Quelle était ta douleur, quelle était ta détresse
Ou ta rage pour que tu ailles, grand couillon,
Préférer à ma bouche la bouche d’un canon
L’oubli à mes baisers, la mort à mes caresses ?

Tu étais tourmenté mais comment as-tu pu
Nous abreuvant de tes sourires mensongers,
Inventant des projets qui nous faisaient rêver
Décider de te tuer sans que nous l’ayons vu ?

Et cela fait un an cette nuit, tendre coeur
Que tes membres sont froids, ton beau corps immobile,
Tes sourires perdus, que ta voix juvénile
Est éteinte à jamais – et que coulent mes pleurs.

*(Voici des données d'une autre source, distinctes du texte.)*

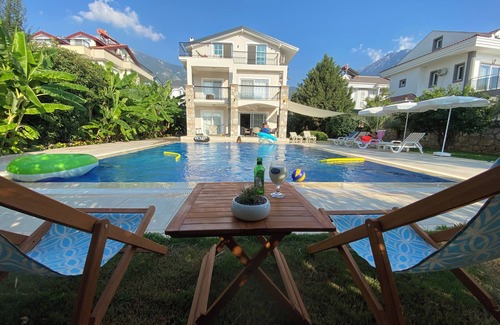 Oludeniz Villa | Villa with private pool and garden in Ölüdeniz Fethiye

Il est des gens auxquels mon coeur est attaché ;
La vie et ses hasards m’ont fait croiser leurs pas,
Leur temps et leurs sourires, leurs pensées et leur voix
Et nos affinités nous ont pour longtemps liés

Et quand je pense à eux, je me trouve grandie,
Suis fière quand je crois mériter leur estime ;
Lors des moments obscurs la pensée me ranime
De savoir que je peux les appeler amis.

Tu n’as pas eu trente-deux ans
Joli grand con, gentil couillon ;
La brusque fin de tes tourments
Laisse dans la consternation
Ceux qui t’aiment profondément.

Bon anniversaire, tendre coeur,
Tu m’as, comme ami, comme amant,
Comblée de joie et de douceur
Et ton absence constamment
M’inflige une sourde douleur.

Le temps ne s’est pas arrêté
À ces moments d’intense horreur
Où je croyais gelées les heures
Sur mes souffrances hébétées ;

Le vent et la pluie ont rugi
Et le soleil, et puis la lune,
Ont éclairé mes infortunes
Sans soulager mon cœur meurtri

Mais si dans les troubles pensées
Qu’obsèdent de trop vains désirs
Dont l’évocation me déchire
Les secondes se sont figées,

La vie croît tout autour de moi ;
Les saisons se sont succédées
Et dans les parfums de l’été
Fleurissent les hortensias.

Petit ange adoré,
Balafre de mon coeur,
Conçu dans le bonheur
De désirs partagés
Et mort dans mes douleurs,

Tu occupes sans cesse
– Ma framboise chérie –
Un coin de mon esprit
Et règnes en princesse
Sur mes pensées meurtries.

Je sais – suppose – espère ? Que quelque chose en moi
S’intéresse aux scrutins, leur donne une importance ;
Mais comme anesthésiée, aujourd’hui ma conscience
Pitoyable gémit dessous du marbre froid.

Entendre sans répit les soupirs de douleur
De ceux qui t’ont aimé, qui t’aiment aujourd’hui,
Voir une sourde douleur miner tous tes amis,
La culpabilité dilacérer leurs coeurs,

Voir ta mère atterrée, ton père anéanti
Tes soeurs noyées de peine et leurs vies dévastées :
Tous brisés de chagrin ! Puis pouvoir constater
Le silence blessé de tes neveux meurtris

Et sentir à chaque heure mes pensées enflammées
Chaque nuit assister à la brûlante danse
De mon corps libérant ses sanglots de souffrance,
Dis moi, est-ce l’enfer promis aux suicidés ?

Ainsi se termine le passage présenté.